Where should I begin?

I'm from a small town. Safe. Not much crime. You know the deal. I've lived here all my life.

From pre-school through the end of second grade I went to a private school, and remained the same 'social circles' for quite a length of time. In third grade I entered the public school system, in a third grade/fourth grade split class.

That year, it was very difficult. Everyone in the class knew each other from previous years. I wasn't needed. Sure, I could tag along, but I wasn't going to be missed if I left. I'd sit with my classmates at the table in the lunchroom (we were forced) pressed up against the well, counting the seconds until I could go outside and read. I'd bring books outside to the lengthy recess we had, or just wander around. I told you, I'm not a people person.

Just as I got 'adjusted,' the school to help ease overcrowding was opened, and I was transferred again. Oh yeah. Lots of fun. Again, the classmate/social circle thing. That year, though, I did meet two girls and we hung out. One of them is my best friend today. =) Accent the positives, right?

That's about it for the positives. That year, my maternal grandmother (the one I was close to) died. My mother was pretty distraught (No, really?) and my dad wasn't up for it. He had just started up a law firm with our next-door neighbor, who later on tried to break up their marriage--ugh. Long story. So, I was the one comforting my mother. And I didn't like it.

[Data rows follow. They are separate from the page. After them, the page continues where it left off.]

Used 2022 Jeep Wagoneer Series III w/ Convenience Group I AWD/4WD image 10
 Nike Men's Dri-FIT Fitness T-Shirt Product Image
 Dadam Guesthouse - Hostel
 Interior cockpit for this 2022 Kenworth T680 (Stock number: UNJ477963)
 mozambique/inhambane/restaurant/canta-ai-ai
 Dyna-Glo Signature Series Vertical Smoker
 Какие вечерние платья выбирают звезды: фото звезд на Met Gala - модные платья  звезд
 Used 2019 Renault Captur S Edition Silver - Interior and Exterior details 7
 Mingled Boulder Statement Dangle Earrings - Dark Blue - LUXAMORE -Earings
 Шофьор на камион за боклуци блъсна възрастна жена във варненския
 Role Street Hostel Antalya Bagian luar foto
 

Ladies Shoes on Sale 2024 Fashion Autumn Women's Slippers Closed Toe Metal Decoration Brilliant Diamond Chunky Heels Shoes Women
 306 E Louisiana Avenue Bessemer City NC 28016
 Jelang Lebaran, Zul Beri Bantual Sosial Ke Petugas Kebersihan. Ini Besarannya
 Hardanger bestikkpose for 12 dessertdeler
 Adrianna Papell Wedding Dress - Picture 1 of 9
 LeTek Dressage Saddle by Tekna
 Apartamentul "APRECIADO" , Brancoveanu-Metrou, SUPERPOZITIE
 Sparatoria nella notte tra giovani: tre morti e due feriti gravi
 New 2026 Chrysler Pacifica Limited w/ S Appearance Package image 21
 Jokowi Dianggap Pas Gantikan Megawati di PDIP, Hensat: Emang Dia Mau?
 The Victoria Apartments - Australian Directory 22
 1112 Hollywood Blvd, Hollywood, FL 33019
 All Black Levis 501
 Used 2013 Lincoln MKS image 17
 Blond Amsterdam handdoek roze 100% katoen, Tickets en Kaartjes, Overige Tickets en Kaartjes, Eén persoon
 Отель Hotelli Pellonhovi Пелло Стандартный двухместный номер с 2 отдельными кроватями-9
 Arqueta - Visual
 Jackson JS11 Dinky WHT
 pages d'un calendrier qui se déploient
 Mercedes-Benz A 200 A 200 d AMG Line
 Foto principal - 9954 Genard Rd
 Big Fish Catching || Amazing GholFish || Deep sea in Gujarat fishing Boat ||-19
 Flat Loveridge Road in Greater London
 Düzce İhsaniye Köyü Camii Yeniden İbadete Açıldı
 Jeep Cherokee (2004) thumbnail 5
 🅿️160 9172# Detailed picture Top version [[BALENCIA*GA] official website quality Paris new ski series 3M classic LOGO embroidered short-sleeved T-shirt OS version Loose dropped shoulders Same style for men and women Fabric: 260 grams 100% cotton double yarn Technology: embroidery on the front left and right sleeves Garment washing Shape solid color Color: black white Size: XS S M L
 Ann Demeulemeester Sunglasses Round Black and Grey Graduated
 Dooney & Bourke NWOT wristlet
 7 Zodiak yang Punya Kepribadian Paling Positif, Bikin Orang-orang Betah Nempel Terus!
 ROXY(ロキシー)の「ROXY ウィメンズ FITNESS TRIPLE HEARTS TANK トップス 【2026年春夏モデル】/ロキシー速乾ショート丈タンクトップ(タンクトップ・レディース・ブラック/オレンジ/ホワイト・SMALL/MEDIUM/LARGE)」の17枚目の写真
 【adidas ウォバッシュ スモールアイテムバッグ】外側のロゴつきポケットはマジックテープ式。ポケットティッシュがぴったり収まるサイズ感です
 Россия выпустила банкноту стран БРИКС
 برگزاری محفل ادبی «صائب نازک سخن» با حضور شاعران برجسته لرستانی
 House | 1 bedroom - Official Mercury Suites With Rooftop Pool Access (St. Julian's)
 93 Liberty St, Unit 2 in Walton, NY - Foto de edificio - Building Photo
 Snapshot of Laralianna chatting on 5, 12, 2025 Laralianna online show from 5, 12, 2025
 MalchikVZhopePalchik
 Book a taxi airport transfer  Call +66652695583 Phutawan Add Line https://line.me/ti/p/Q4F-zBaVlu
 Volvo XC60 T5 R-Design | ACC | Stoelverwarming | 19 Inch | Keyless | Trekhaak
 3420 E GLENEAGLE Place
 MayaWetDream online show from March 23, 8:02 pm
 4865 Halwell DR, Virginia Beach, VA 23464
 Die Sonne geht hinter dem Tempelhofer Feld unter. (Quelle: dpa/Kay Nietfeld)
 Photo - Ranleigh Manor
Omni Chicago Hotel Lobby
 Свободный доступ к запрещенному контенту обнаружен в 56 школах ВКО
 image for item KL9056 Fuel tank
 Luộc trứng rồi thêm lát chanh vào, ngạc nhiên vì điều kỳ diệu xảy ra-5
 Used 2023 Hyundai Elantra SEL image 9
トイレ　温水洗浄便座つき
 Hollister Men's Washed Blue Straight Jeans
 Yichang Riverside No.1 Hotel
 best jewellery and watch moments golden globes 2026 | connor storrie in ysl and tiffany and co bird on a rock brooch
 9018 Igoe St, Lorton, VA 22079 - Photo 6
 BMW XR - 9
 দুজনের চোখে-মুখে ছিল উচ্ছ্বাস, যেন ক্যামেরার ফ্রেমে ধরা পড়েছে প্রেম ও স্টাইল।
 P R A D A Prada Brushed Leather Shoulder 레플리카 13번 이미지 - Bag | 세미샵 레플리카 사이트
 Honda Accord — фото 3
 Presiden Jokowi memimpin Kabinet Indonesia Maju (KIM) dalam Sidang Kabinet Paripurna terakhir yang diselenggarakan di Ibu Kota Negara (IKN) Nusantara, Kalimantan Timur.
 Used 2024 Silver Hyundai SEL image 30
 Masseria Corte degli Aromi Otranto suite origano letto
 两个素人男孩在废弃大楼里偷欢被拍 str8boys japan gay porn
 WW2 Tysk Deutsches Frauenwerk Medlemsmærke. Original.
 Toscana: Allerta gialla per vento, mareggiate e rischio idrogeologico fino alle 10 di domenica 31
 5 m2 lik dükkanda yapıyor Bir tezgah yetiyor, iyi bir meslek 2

Also, that year, I failed the writing part of standardized testing. No, being called a 'freak' or the like wasn't enough, they had to go and add Attention Deficit Disorder [ADD]. I took Ritalin once or twice, and the rest of the time I carefully hid the pills or pitched them. Take that.

Hmmm . . . okay, fifth grade I get to stay at the same school [goody!] but things still aren't 'peachy.' Imagine this--your parents live in the same house, yet they don't communicate. Dinner is strained, if it happens at all. You run out of things to say. As soon as the other one gets home, they fight.

Not a happy year at all.

They separated, I barely passed the rest of the year's course work. Quite frankly, I didn't care.

All through these years I've been consistently harassed, and by two girls in particular.

In sixth grade, things were okay. My parents were back together. I did okay in school. But, one of the above girls is a real bitch to deal with. She got my home ec. class to turn against me--i.e., they all vocally gave their opinions--all negative--on me, or dragged up every nasty thought they could. Love you too.

As to the self-injury part of this, in fourth grade I first tried to cut my wrists, but couldn't. I've been walking down this road for a long, long time. When I was very little I would cut my hair and bite my fingernails until they bled. I still pick my face badly--until I see blood. In the summer of 2000 I first learned how to cut with a razor.

I guess that's the basic story, minus my emotions.